Outside my studio window is a small California Redbud.  It really needs more sunshine to show off its flowers – there is too much shade on the western side of my house, and so it does not bloom very often or very much.  Still, it is a lovely tree.  Slender branches, heart-shaped leaves that change color and drop in the autumn.  Local birds like to hang out in its branches.

Today, I tried to express the beauty of several redbuds in bloom, with spring growth abounding in new leaves.  I drew the trees first, then used frisket – a lot of it – in the forms of lines and dots.  From there, the background was laid in, using varying colors to represent leaves, flowers, and other trees or branches.  The frisket was then removed, and trunks painted using warm and cool greys.  Afterward, magentas and yellow greens, warm and cool.  It was all rather splattery!  Finally, after everything dried, white dots applied to suggest spring insects and twinkling sunlight.

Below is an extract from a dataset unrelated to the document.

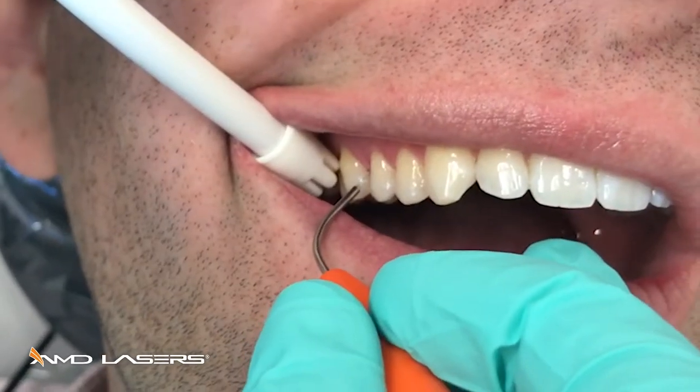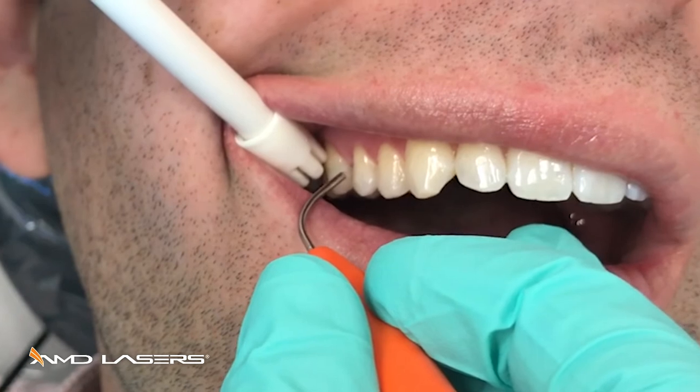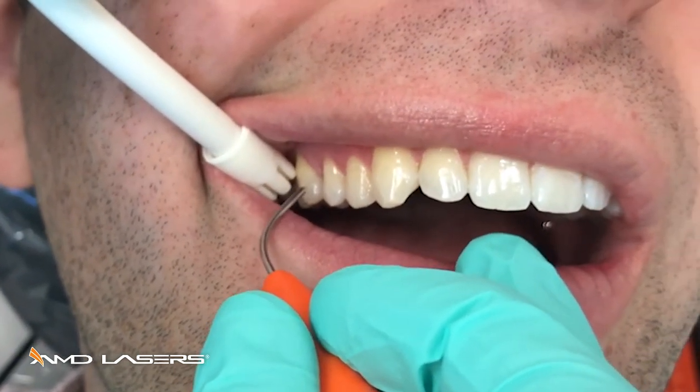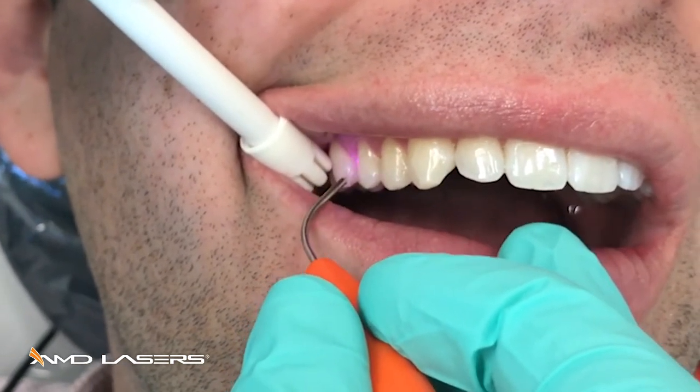What I want to do is go to the depth of the pocket, find the deepest area of inflammation, then back up about a millimeter, start my movement gently against the tissue, and then fire for a few seconds.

Not entirely pleased.  As a realistic painting, it fails; however, as an abstract, it has potential.

This Morning’s Disaster

This morning I set out to do a couple of things.  First was to do another ink / pen drawing.  I used the same sketchbook as I did yesterday, one with lightweight paper that worked very well yesterday.  Second, the attempt to stretch myself a bit and do a beach scene.  I find waves incredibly difficult.

The sketch itself was okay – nothing particularly challenging in and of itself.  I rather liked the composition.  However, if you look at the sketch above, do you see those little greyish streaks in the lower left and center?  That should have clued me in then and there – the paper is very thin.  Water?  What was I thinking of?

And here we are, with washes applied with a lot of water.  Even though you cannot see it, the paper became mottled in appearance, buckled and crumpled.  Ugh!  But, what the hell, I may as well try something.  And thus, I picked up my box of Caran D’Arche’s Neocolor II crayons, and carried on . . .

Having never really used the Neocolor crayons before, I will say I liked them.  I scribbled in colors which I thought might work, and then laid other colors on top of them to blend before using water.  And then with a waterbrush – not a laden brush – I smoothed and shaded.

I am not pleased with this picture at all, but I still learned something about a medium I haven’t really explored – the watercolor crayons. On a heavier paper designed to take water, there is a lot of potential here.  I love coloring, so I can see myself moving into this area, perhaps more so than with watercolor pencils, which seem more delicate to me in their color rendering, but perhaps that is wrong as I have limited experience with them as well.

Oh, well.  The picture was a disaster, but the potential far outweighs it.